(TASK MATERIAL)

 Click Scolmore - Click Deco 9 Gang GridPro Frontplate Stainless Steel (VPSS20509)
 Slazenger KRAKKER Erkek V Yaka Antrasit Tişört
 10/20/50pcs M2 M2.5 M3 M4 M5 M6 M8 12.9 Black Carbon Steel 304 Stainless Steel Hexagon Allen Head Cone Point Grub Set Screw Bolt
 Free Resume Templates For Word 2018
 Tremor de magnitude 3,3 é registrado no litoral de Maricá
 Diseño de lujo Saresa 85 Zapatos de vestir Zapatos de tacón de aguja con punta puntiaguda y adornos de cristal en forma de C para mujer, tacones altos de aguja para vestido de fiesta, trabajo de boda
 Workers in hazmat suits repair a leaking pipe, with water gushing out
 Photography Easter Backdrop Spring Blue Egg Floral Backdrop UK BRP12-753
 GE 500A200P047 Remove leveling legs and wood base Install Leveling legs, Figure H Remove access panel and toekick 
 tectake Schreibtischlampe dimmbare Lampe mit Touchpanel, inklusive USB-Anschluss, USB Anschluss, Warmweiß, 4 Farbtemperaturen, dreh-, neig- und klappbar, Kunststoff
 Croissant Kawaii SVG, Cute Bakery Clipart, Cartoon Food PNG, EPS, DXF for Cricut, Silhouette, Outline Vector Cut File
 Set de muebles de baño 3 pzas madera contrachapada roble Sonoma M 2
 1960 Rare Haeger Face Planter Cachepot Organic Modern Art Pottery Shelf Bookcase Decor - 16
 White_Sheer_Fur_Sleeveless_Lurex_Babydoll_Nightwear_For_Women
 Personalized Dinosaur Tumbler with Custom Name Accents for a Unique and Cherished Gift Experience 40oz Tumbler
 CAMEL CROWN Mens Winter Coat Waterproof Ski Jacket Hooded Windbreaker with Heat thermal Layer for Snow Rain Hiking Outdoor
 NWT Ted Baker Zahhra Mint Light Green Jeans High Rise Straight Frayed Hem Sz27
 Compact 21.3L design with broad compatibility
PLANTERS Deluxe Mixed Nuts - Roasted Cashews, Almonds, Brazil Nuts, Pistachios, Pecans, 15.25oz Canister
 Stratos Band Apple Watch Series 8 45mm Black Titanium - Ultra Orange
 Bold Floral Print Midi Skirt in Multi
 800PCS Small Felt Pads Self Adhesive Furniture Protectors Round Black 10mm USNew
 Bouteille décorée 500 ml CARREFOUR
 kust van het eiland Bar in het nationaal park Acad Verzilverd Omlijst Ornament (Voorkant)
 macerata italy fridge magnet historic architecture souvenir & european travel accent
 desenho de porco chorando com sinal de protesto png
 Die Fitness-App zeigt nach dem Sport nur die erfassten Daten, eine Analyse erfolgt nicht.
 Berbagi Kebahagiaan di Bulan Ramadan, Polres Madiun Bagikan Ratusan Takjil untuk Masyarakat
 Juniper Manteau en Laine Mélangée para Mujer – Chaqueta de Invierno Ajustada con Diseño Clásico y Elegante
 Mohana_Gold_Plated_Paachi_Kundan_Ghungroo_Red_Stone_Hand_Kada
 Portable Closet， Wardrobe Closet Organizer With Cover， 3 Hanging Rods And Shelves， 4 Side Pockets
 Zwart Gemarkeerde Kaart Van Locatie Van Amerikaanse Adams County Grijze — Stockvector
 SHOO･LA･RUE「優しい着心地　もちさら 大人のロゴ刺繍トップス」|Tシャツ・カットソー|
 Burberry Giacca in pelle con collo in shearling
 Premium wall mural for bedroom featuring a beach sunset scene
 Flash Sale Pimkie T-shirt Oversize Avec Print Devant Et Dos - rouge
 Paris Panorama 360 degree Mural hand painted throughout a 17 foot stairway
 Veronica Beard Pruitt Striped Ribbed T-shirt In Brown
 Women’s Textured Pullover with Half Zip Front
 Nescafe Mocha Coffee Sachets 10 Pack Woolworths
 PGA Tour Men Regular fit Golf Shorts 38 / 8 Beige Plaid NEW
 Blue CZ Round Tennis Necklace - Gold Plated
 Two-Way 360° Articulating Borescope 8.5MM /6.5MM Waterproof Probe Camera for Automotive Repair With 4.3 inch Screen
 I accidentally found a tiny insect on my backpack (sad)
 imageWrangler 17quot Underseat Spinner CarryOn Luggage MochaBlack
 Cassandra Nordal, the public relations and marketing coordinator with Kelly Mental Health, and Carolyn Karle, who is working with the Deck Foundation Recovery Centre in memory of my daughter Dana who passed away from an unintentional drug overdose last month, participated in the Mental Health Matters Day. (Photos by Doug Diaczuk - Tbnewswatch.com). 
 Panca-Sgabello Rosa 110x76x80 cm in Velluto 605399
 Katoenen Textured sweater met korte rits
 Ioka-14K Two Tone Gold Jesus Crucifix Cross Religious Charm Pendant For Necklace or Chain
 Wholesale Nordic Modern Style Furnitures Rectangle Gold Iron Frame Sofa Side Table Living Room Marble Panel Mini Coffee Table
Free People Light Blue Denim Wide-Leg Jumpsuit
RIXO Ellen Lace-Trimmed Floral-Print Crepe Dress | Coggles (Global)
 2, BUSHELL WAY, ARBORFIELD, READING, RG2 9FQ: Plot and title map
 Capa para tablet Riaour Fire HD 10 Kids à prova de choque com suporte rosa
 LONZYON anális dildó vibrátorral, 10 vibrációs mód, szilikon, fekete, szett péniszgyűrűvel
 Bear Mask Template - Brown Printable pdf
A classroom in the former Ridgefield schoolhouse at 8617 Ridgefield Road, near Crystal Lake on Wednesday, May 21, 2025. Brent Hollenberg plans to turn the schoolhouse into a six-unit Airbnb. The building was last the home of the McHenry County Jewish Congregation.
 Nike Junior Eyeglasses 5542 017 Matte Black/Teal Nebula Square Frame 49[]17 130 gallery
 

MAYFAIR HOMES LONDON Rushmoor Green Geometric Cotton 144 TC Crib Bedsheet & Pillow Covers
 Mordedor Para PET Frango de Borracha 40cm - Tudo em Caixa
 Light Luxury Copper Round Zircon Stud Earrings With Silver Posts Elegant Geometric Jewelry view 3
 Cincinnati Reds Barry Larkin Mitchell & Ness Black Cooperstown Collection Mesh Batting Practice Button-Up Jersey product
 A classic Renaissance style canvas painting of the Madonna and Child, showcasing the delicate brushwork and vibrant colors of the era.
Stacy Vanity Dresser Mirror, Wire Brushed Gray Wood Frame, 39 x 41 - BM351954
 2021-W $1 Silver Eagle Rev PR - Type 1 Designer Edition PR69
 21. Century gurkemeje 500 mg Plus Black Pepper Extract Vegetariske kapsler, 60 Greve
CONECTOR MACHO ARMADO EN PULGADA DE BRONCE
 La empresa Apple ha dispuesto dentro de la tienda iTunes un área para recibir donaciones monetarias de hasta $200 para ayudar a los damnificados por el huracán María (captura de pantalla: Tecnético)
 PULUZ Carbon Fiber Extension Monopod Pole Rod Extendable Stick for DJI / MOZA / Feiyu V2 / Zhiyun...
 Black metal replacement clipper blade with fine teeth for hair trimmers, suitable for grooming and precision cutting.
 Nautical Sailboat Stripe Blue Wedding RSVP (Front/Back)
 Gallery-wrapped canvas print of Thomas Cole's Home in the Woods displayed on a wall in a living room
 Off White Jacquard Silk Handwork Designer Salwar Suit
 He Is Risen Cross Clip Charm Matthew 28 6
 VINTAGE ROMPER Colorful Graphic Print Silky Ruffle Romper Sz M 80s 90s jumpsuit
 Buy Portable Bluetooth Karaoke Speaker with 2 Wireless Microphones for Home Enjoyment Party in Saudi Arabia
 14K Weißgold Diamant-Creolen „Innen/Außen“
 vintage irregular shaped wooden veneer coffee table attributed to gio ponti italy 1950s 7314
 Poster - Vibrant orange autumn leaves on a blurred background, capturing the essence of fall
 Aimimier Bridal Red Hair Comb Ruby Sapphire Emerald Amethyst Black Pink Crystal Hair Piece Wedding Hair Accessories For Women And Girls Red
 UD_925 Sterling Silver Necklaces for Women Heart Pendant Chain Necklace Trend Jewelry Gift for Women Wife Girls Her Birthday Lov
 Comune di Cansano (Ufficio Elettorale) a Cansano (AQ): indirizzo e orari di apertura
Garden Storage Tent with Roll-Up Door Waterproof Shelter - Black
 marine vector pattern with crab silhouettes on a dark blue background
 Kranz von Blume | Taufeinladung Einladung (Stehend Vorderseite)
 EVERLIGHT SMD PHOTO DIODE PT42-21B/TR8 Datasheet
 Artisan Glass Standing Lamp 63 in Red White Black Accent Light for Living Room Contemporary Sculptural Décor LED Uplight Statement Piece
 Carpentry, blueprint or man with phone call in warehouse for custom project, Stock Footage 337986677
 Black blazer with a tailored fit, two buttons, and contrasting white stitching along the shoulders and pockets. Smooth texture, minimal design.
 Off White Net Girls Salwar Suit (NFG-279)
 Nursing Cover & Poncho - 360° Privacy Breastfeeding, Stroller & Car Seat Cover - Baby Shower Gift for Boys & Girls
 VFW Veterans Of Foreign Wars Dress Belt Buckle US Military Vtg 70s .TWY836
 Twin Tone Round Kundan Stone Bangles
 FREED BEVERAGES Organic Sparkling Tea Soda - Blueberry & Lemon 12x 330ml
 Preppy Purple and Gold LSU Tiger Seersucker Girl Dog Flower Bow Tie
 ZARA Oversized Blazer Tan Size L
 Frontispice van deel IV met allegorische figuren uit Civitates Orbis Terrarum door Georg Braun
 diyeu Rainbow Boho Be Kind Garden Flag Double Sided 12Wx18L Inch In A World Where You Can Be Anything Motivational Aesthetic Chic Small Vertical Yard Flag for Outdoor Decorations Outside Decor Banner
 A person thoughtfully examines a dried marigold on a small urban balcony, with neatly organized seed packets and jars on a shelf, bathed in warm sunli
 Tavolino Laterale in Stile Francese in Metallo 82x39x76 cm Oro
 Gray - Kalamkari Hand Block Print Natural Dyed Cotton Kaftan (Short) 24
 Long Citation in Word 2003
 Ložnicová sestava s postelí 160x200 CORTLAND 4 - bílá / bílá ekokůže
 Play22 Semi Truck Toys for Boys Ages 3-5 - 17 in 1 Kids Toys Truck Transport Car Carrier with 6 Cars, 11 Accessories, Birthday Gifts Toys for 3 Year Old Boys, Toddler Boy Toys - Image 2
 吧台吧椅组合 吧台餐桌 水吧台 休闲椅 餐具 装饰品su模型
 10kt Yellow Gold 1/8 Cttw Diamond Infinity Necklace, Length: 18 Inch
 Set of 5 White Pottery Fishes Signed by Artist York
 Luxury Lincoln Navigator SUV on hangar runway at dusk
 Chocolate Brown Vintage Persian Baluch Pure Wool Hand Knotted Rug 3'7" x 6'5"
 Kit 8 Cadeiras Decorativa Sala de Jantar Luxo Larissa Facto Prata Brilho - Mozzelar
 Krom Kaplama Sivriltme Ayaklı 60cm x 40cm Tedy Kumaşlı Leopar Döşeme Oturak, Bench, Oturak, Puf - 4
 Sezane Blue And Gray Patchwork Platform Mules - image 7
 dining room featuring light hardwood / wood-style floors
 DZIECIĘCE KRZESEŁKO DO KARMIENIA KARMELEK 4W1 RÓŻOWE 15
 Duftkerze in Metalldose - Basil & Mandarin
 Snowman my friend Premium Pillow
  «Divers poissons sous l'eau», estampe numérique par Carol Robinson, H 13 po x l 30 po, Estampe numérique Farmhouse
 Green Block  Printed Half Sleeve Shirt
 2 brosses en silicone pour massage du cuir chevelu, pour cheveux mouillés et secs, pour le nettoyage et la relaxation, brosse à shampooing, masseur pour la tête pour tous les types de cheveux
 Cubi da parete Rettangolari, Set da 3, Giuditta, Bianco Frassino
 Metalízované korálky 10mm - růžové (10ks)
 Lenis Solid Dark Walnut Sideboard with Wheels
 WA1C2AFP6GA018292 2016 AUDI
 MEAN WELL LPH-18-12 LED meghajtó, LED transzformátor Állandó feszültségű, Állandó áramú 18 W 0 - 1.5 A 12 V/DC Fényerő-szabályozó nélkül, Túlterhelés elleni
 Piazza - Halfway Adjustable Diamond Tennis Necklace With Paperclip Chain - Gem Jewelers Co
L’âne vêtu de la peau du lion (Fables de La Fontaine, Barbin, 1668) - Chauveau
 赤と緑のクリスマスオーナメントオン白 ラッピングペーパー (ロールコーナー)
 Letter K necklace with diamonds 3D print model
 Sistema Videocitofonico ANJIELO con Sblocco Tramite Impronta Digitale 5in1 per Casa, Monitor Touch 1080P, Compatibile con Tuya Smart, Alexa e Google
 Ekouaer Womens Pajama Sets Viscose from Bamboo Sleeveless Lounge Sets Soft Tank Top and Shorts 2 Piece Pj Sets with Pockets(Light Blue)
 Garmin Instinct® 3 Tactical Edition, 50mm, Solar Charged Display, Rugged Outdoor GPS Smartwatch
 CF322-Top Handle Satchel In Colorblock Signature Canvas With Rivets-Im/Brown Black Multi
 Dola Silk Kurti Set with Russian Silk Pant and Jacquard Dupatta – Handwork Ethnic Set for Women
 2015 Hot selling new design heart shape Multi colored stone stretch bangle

(End TASK MATERIAL)

◆ EXERCISE REQUIREMENTS ◆
Scan the listing for the string "Modern", then copy every line where it appears.

◆ RESULT OF THE TASK ◆
 1960 Rare Haeger Face Planter Cachepot Organic Modern Art Pottery Shelf Bookcase Decor - 16
 Wholesale Nordic Modern Style Furnitures Rectangle Gold Iron Frame Sofa Side Table Living Room Marble Panel Mini Coffee Table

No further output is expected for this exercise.